Si Dios no castiga con justicia el pecado, sería ‘injusto consigo mismo’, como lo expresó Anselmo, o, en palabras de James Denney, ‘no se haría justicia a sí mismo [sino que] se haría una injusticia’. De hecho se destruiría a sí mismo, como también a nosotros. Dejaría de ser Dios y nosotros dejaríamos de ser plenamente humanos. Él se destruiría a sí mismo al contradecir su carácter divino como justo Legislador y Juez, y nos destruiría a nosotros al contradecir nuestra dignidad humana como personas moralmente responsables creadas a su imagen.

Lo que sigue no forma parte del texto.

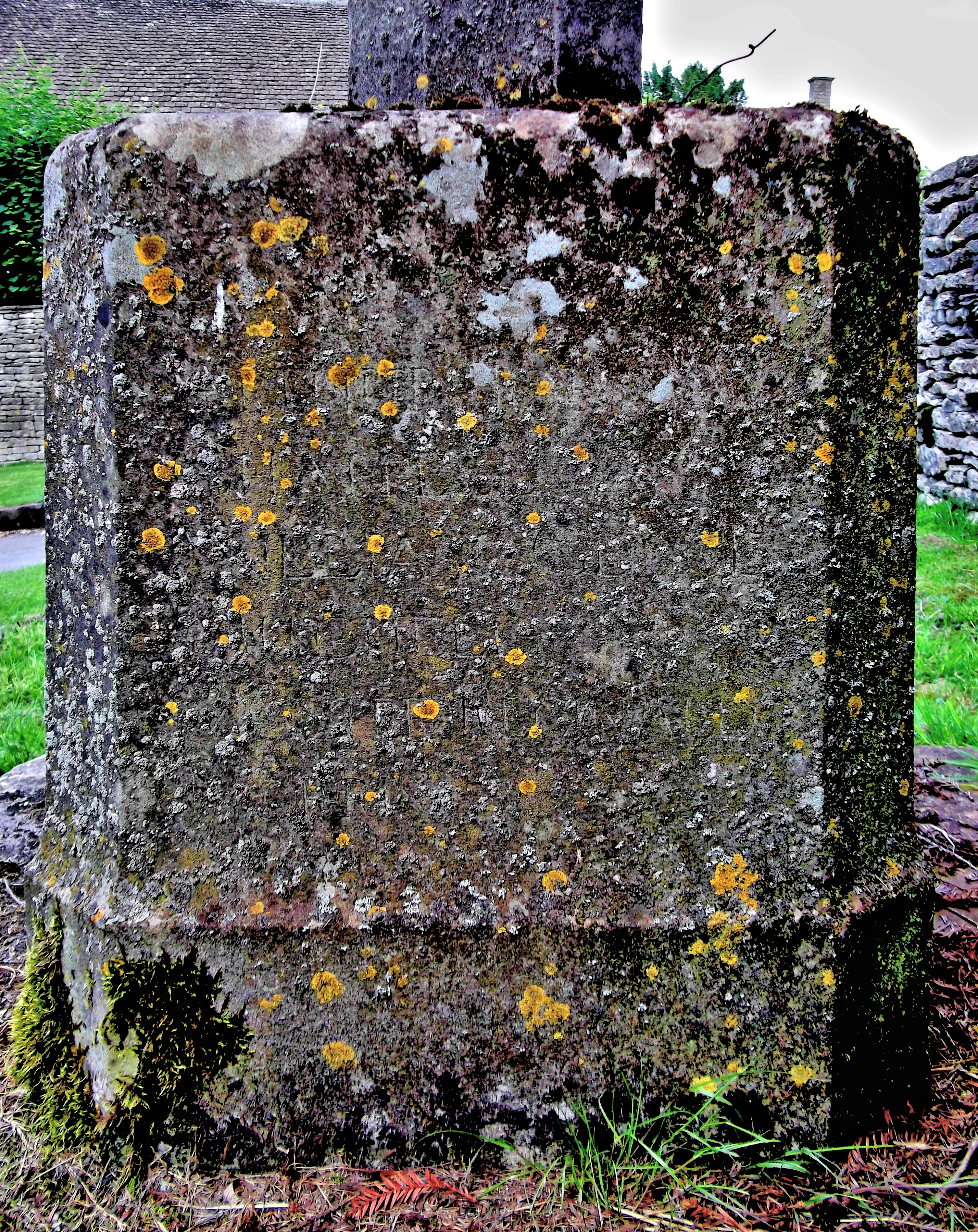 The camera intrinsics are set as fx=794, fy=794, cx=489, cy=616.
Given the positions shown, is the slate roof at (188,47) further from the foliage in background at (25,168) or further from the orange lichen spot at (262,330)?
the orange lichen spot at (262,330)

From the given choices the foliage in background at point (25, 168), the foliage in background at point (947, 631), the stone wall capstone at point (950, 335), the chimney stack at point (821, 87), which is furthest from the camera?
the chimney stack at point (821, 87)

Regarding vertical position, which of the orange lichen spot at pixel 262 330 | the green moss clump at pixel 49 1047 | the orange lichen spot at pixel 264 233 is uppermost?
the orange lichen spot at pixel 264 233

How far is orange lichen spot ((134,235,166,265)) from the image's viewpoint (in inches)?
54.8

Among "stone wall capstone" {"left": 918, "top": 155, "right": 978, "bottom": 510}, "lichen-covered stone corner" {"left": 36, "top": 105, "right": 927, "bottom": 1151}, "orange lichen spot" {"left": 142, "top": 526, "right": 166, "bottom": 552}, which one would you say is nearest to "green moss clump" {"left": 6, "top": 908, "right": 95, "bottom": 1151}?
"lichen-covered stone corner" {"left": 36, "top": 105, "right": 927, "bottom": 1151}

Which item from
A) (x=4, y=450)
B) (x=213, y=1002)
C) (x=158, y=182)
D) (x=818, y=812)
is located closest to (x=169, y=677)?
(x=213, y=1002)

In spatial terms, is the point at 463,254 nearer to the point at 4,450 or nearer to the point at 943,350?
the point at 943,350

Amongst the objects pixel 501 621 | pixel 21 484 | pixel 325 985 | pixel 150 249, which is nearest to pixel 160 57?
pixel 21 484

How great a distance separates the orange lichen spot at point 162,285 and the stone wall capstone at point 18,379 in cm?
1456

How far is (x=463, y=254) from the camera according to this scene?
142 cm

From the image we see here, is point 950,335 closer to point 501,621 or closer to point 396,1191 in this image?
point 501,621

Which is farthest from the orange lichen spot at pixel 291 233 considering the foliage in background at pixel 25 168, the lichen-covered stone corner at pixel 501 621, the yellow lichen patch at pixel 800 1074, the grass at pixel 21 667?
the foliage in background at pixel 25 168

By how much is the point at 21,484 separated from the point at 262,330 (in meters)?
12.4

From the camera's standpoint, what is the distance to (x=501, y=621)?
148 cm

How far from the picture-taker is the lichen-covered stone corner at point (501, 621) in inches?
55.8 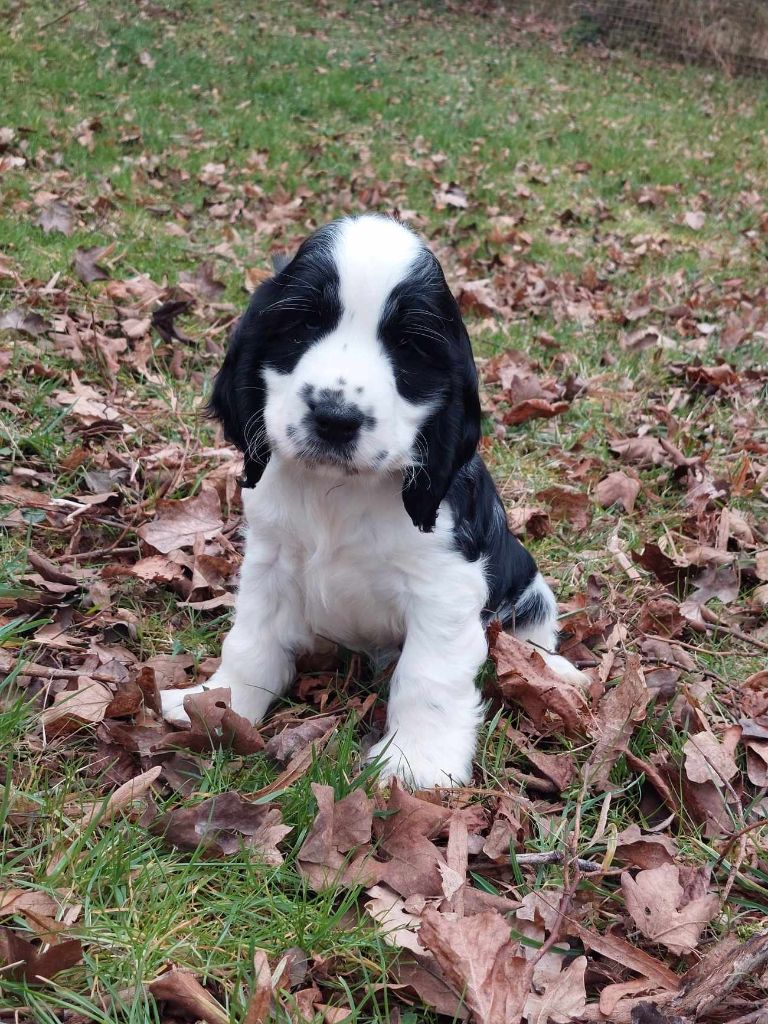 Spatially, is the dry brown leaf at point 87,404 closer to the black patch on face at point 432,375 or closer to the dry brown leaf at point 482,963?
the black patch on face at point 432,375

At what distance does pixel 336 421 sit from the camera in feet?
7.71

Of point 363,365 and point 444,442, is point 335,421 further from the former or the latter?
point 444,442

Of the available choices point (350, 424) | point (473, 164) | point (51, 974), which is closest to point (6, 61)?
point (473, 164)

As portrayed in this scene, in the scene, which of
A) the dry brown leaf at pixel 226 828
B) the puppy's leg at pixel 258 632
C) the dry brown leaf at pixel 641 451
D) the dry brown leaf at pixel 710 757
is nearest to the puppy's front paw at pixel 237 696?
the puppy's leg at pixel 258 632

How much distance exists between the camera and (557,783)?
2777 mm

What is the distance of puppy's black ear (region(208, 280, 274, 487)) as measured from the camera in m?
2.62

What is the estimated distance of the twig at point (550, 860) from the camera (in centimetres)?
239

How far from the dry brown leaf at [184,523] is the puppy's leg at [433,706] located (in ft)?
4.44

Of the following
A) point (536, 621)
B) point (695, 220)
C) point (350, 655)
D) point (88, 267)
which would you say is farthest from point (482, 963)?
point (695, 220)

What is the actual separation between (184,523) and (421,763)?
171cm

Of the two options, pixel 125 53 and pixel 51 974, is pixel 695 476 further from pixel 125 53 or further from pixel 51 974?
pixel 125 53

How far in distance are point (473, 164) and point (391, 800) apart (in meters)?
10.2

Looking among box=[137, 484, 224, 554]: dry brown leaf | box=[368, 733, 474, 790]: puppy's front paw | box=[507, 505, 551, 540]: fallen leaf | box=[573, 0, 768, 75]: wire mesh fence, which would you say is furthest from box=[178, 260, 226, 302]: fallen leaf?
box=[573, 0, 768, 75]: wire mesh fence

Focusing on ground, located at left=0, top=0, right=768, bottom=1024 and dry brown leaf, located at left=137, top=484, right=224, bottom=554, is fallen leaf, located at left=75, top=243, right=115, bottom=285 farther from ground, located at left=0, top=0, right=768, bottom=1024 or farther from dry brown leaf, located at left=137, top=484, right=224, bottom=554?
dry brown leaf, located at left=137, top=484, right=224, bottom=554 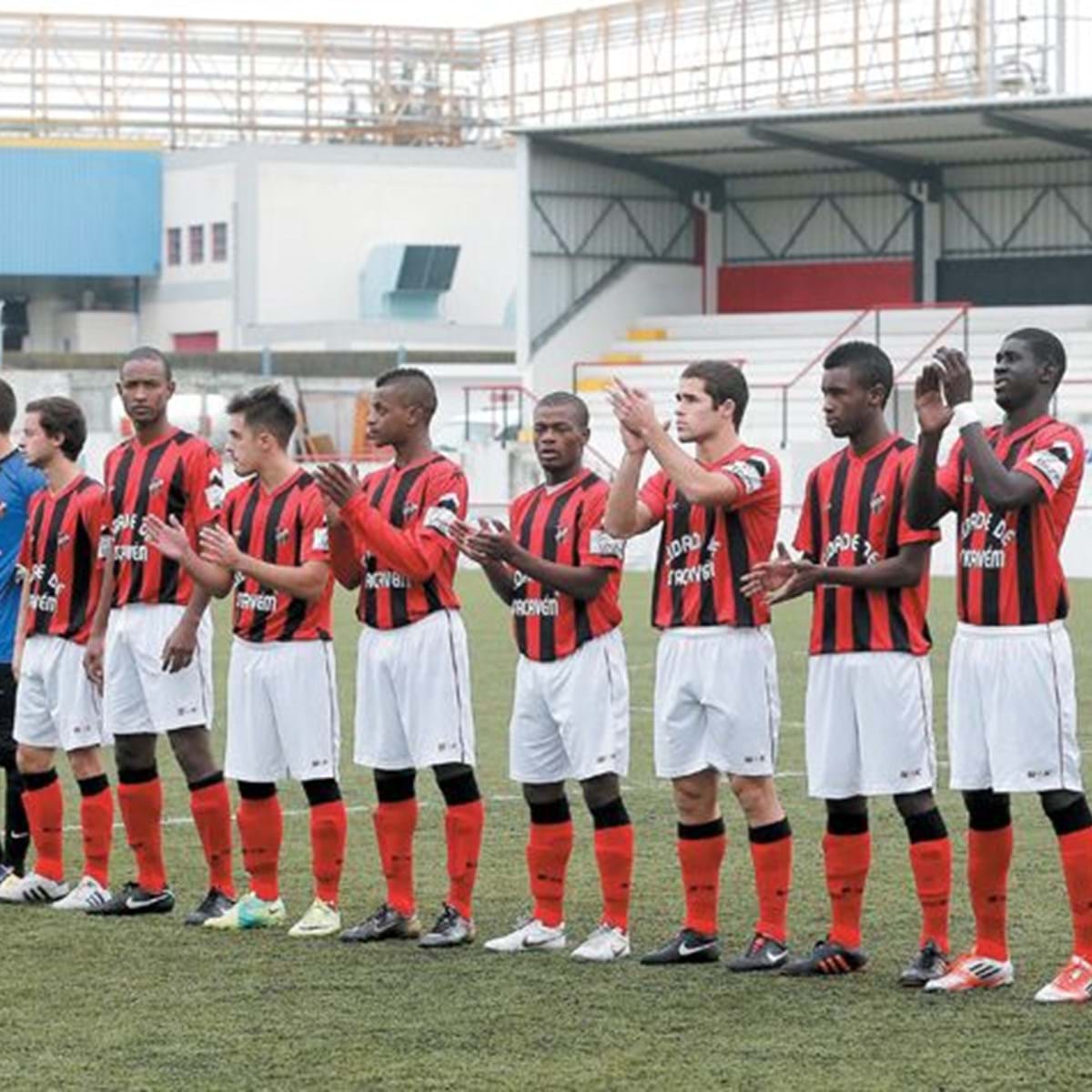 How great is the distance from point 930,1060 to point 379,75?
61.1m

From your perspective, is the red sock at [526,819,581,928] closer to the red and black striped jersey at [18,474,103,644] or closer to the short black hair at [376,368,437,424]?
A: the short black hair at [376,368,437,424]

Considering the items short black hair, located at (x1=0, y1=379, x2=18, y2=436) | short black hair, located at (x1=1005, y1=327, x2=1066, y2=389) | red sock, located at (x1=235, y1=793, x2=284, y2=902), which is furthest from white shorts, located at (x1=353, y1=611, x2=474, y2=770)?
short black hair, located at (x1=1005, y1=327, x2=1066, y2=389)

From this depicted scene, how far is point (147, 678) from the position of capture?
10180mm

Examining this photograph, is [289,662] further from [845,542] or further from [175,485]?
[845,542]

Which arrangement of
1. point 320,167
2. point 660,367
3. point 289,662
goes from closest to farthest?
point 289,662, point 660,367, point 320,167

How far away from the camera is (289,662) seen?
980cm

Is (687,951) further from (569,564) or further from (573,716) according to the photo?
(569,564)

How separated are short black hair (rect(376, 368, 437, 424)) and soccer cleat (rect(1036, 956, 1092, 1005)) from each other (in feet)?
9.80

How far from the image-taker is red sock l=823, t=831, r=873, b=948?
8805 mm

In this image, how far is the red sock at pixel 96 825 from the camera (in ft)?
34.4

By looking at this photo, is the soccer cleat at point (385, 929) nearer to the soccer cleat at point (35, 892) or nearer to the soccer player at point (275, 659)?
the soccer player at point (275, 659)

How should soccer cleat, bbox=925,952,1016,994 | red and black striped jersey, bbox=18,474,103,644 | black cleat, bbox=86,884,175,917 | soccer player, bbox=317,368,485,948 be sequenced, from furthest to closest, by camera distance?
red and black striped jersey, bbox=18,474,103,644 < black cleat, bbox=86,884,175,917 < soccer player, bbox=317,368,485,948 < soccer cleat, bbox=925,952,1016,994

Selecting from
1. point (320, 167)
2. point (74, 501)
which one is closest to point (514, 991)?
point (74, 501)

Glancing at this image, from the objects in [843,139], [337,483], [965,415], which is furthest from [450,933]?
[843,139] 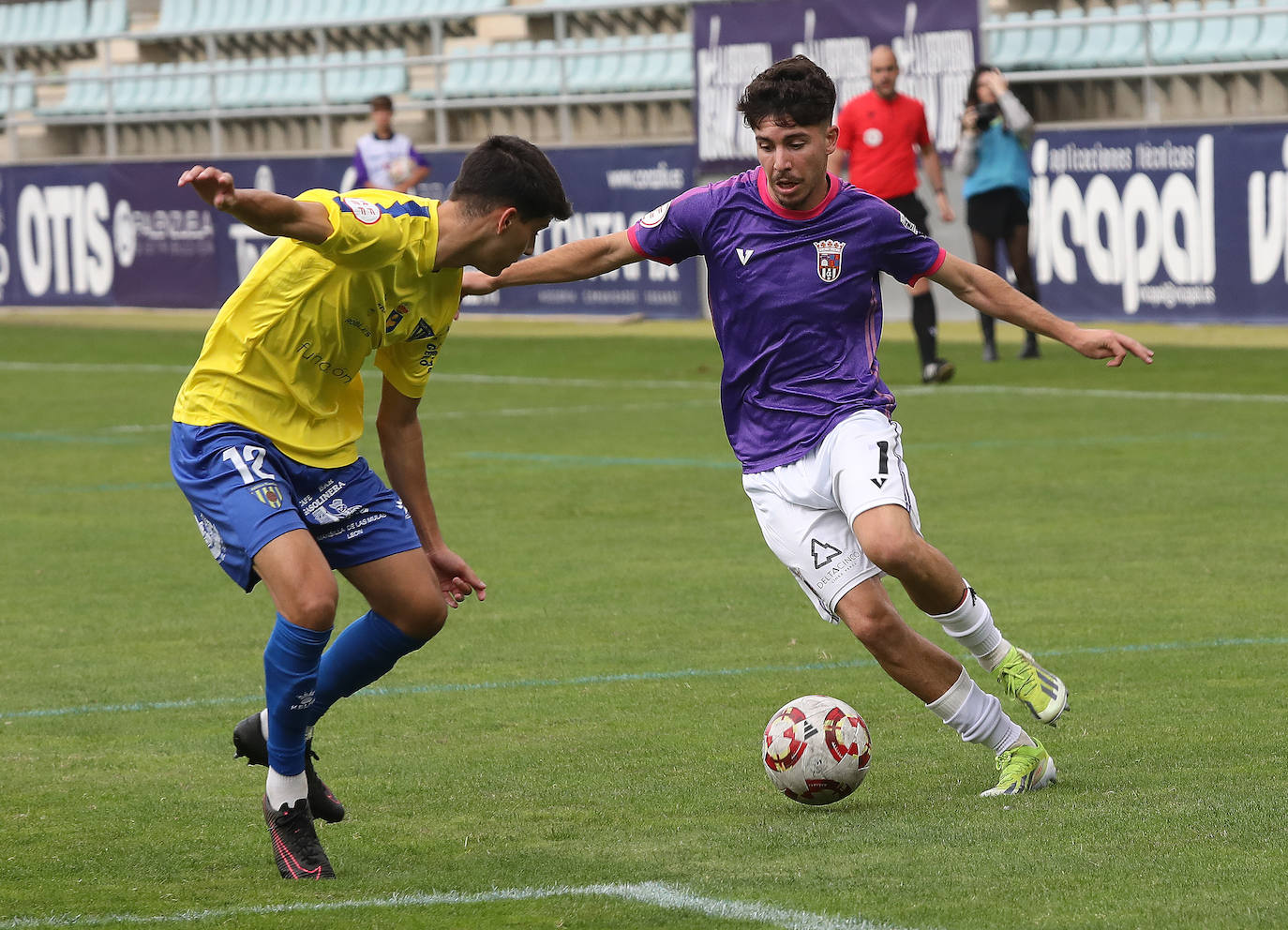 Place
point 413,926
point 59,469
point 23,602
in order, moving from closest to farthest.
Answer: point 413,926, point 23,602, point 59,469

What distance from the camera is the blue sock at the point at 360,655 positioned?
535 cm

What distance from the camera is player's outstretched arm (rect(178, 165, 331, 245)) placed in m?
4.63

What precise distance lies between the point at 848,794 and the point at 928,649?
0.44 metres

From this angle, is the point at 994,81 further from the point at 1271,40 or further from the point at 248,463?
the point at 248,463

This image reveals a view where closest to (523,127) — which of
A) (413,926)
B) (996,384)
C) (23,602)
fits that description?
(996,384)

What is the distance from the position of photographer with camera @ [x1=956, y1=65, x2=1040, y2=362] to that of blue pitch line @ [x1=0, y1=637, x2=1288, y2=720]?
10.7 m

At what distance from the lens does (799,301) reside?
5930 millimetres

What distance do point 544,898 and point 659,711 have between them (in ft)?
6.92

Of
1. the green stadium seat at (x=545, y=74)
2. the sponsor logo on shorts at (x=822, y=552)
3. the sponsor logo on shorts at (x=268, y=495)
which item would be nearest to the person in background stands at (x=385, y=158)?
the green stadium seat at (x=545, y=74)

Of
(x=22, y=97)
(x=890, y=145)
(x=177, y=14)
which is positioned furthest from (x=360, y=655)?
(x=22, y=97)

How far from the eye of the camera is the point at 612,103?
2761cm

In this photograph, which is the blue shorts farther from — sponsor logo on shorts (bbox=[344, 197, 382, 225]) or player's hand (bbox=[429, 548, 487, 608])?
sponsor logo on shorts (bbox=[344, 197, 382, 225])

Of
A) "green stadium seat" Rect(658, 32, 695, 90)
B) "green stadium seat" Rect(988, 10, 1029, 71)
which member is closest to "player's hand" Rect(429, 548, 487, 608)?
"green stadium seat" Rect(988, 10, 1029, 71)

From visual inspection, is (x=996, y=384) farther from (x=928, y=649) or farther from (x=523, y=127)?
(x=523, y=127) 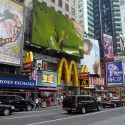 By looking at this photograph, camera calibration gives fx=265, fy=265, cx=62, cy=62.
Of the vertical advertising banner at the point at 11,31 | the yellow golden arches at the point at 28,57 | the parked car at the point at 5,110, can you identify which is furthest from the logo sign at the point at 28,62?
the parked car at the point at 5,110

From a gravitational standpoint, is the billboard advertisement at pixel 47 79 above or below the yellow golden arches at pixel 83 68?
below

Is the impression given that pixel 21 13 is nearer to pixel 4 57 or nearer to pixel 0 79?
pixel 4 57

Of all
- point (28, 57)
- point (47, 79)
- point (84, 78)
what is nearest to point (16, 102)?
point (28, 57)

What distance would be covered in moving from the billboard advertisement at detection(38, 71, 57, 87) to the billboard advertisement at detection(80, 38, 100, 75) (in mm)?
16013

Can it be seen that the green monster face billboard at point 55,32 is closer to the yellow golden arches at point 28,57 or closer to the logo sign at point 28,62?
the yellow golden arches at point 28,57

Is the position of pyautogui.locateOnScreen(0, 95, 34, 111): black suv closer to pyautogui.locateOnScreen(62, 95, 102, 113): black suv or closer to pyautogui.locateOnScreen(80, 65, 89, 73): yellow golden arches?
pyautogui.locateOnScreen(62, 95, 102, 113): black suv

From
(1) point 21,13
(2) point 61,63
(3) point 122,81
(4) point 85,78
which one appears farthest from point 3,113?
(3) point 122,81

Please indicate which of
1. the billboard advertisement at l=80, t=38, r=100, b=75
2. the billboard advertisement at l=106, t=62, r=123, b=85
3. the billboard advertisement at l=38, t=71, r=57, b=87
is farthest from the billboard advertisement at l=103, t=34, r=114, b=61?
the billboard advertisement at l=38, t=71, r=57, b=87

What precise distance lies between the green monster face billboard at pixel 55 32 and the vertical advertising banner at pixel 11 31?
3920mm

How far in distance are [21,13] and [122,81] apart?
41.1m

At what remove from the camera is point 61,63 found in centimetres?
5853

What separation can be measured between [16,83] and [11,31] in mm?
9044

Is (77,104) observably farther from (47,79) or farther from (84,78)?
(84,78)

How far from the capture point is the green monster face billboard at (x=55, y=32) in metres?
50.7
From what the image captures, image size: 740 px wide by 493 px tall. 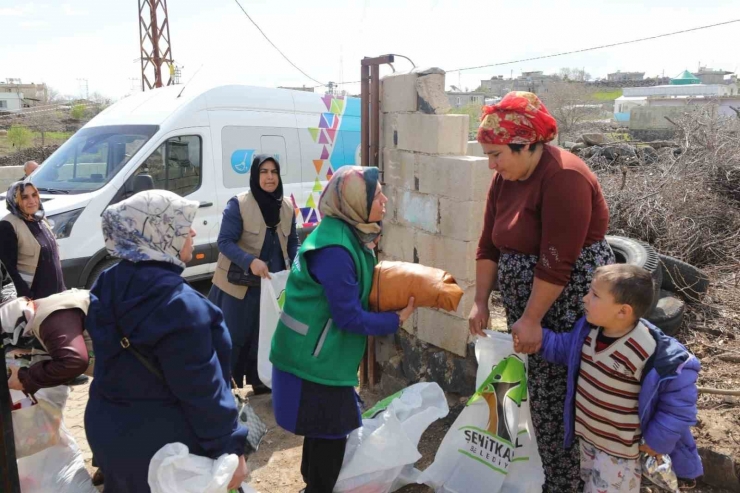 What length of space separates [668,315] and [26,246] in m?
4.55

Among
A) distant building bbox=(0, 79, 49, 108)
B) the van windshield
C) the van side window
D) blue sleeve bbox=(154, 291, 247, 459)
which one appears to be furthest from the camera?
distant building bbox=(0, 79, 49, 108)

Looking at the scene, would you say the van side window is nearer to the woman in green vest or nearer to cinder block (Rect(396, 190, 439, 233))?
cinder block (Rect(396, 190, 439, 233))

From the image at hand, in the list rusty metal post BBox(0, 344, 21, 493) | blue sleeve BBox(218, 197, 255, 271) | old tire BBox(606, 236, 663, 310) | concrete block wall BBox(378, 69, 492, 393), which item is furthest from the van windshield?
old tire BBox(606, 236, 663, 310)

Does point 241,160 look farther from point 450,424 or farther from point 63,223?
point 450,424

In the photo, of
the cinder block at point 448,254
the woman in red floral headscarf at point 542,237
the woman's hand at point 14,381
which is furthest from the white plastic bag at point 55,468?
the cinder block at point 448,254

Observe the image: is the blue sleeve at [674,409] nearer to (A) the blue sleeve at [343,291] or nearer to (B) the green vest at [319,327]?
(A) the blue sleeve at [343,291]

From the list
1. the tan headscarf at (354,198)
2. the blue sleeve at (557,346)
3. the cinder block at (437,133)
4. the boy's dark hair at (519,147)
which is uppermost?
the cinder block at (437,133)

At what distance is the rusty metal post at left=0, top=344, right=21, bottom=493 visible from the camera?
1935mm

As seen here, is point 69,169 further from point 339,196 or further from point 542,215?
point 542,215

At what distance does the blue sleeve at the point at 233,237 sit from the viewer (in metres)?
3.71

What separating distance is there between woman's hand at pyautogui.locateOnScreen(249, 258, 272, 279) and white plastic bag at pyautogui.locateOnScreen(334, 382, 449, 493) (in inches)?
50.8

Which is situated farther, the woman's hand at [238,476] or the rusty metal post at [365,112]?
the rusty metal post at [365,112]

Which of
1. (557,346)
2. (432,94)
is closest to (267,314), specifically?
(432,94)

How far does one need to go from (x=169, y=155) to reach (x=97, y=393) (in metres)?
5.04
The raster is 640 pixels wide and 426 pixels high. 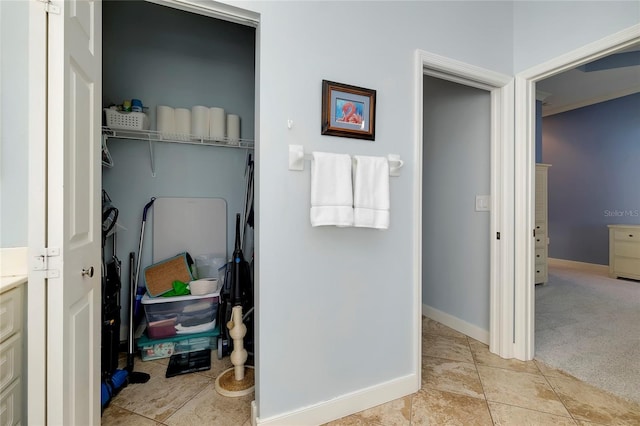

Es inconcebible que Dios llegara a hacer cualquiera de las dos cosas. Así, si bien en su paciencia temporariamente dejó sin castigo los pecados, ahora con justicia los ha castigado, al condenarlos en Cristo. Ha demostrado su justicia ejecutándola. Y lo ha hecho públicamente (según algunos este es el énfasis del verbo ‘puso’), no solo con el fin de ser justo sino que también se lo vea como justo. Debido a su anterior apariencia de injusticia al no castigar los pecados, ahora ha dado una prueba presente y visible de justicia al llevar sobre sí mismo el castigo en la persona de Cristo.
Nadie puede ahora acusar a Dios de pasar por alto el mal. Nadie puede suponer indiferencia moral o injusticia de su parte. La cruz demuestra con igual intensidad tanto la justicia Dios, al juzgar el pecado, como su misericordia, al justificar al pecador. Porque ahora, como resultado de la muerte propiciatoria de su Hijo, Dios puede ser ‘el justo y el que justifica’ a los que creen en él. Está ahora en condiciones de conceder una posición de justicia a los injustos, sin comprometer su propia justicia.
Ahora vemos con toda claridad la relación entre lo que ha logrado la cruz y la revelación de Dios. Al llevar él mismo en Cristo la terrible pena de nuestros pecados, Dios no solo propició su ira, nos rescató de la esclavitud, nos justificó a sus ojos y nos reconcilió consigo mismo. Al mismo tiempo, en la cruz defendió y manifestó su propia justicia. Por la forma en que nos justificó, también se justificó a sí mismo. Este es el tema del libro de P. T. Forsyth titulado The justification of God (La justificación de Dios). Publicado en 1916, lo subtituló ‘Conferencias para tiempos de guerra sobre una teodicea cristiana’.
No hay ninguna teodicea para el mundo, salvo en una teología de la cruz. La única teodicea final es esa autojustificación de Dios que era fundamental para su justificación de los hombres. Ninguna razón humana puede justificar a Dios en un mundo como este. Él tiene que justificarse a sí mismo, y lo hizo en la cruz de su Hijo.